◆ Task objective ◆
Every line from the one with "Pension Le Passage" to the final line of the records should be printed exactly as it is, with pictures left out.

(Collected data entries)
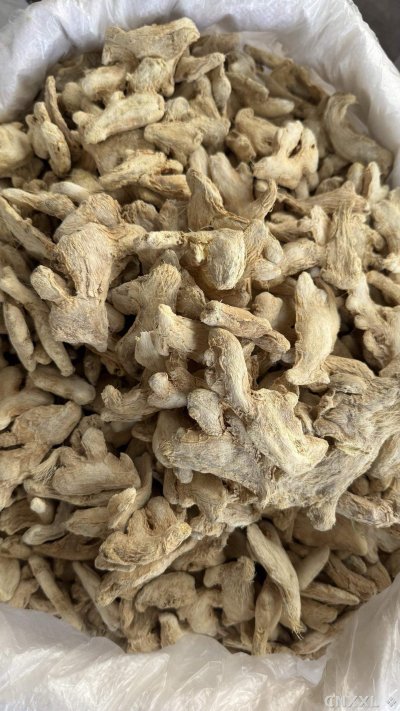 spice_12456_c9afb3e6_3.jpg
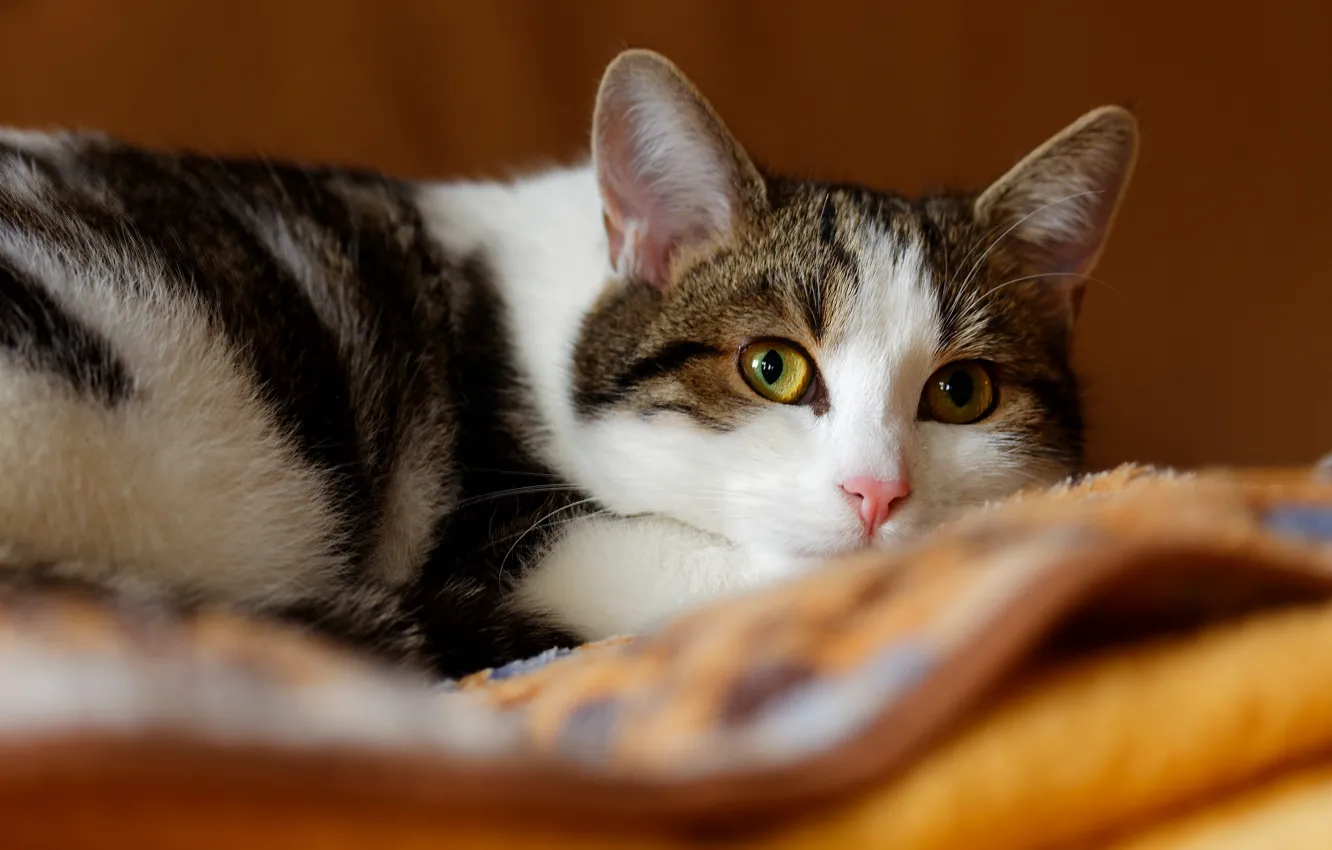 Photo wallpaper cat, cat, look, face, background, portrait, lies, blanket
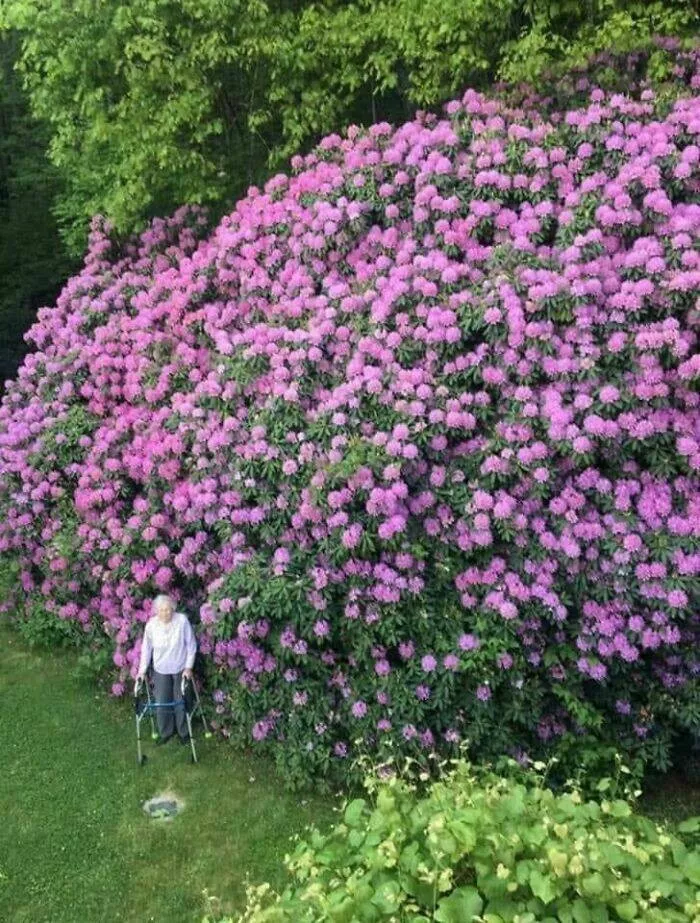 Comparaisons de taille lhumain comme metre etalon - #9 Un buisson de rhododendron vieux de 100 ans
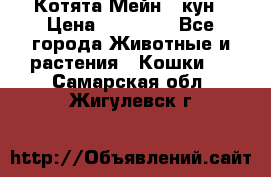 Котята Мейн - кун › Цена ­ 19 000 - Все города Животные и растения » Кошки   . Самарская обл.,Жигулевск г.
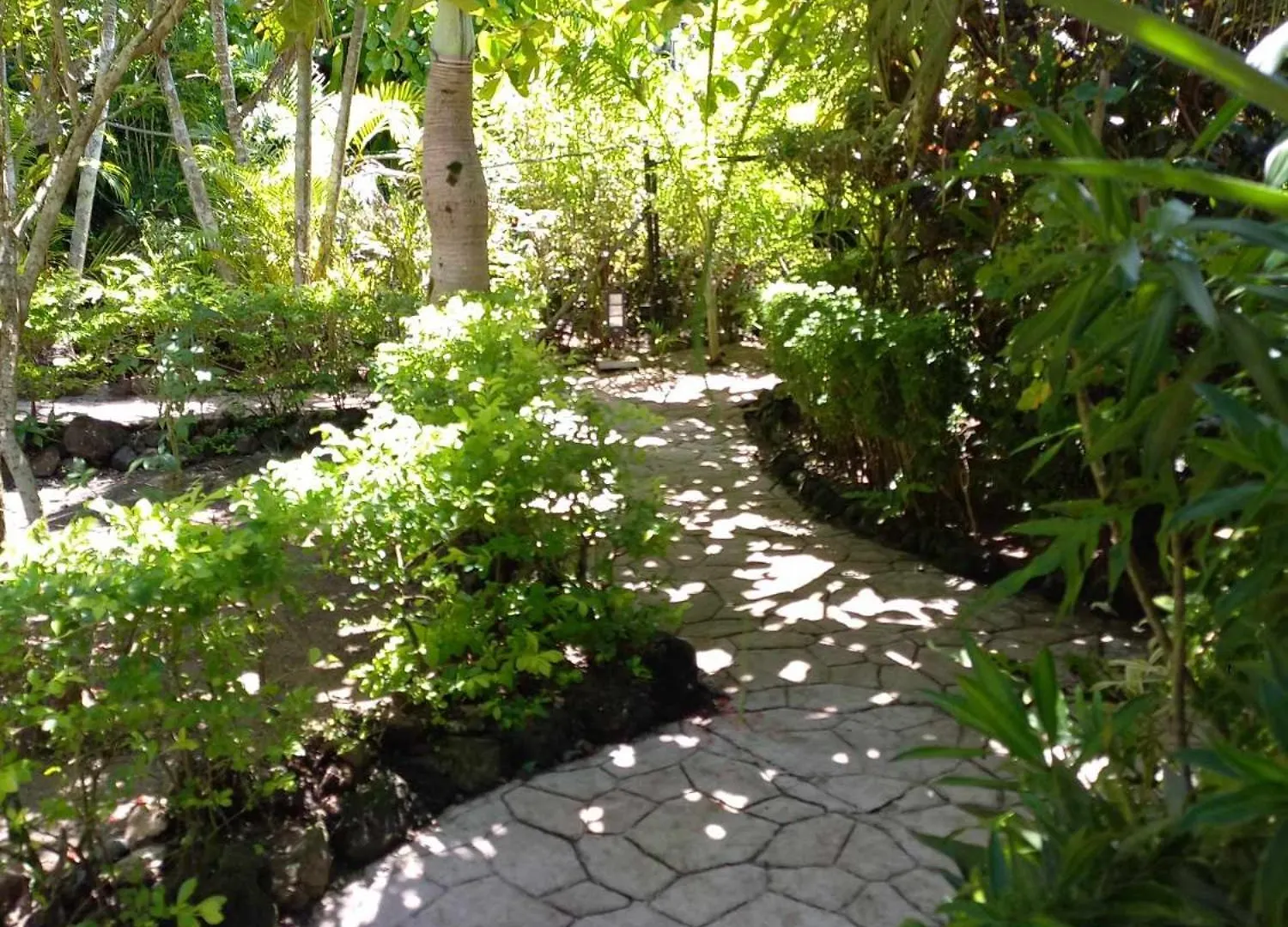 Pension Le Passage Vaitoare  0*, Vaitoare (Tahaa)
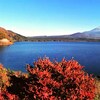 本栖湖 中ノ倉峠展望台 から見る富士山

◆ The completed task ◆
 Pension Le Passage Vaitoare  0*, Vaitoare (Tahaa)
 本栖湖 中ノ倉峠展望台 から見る富士山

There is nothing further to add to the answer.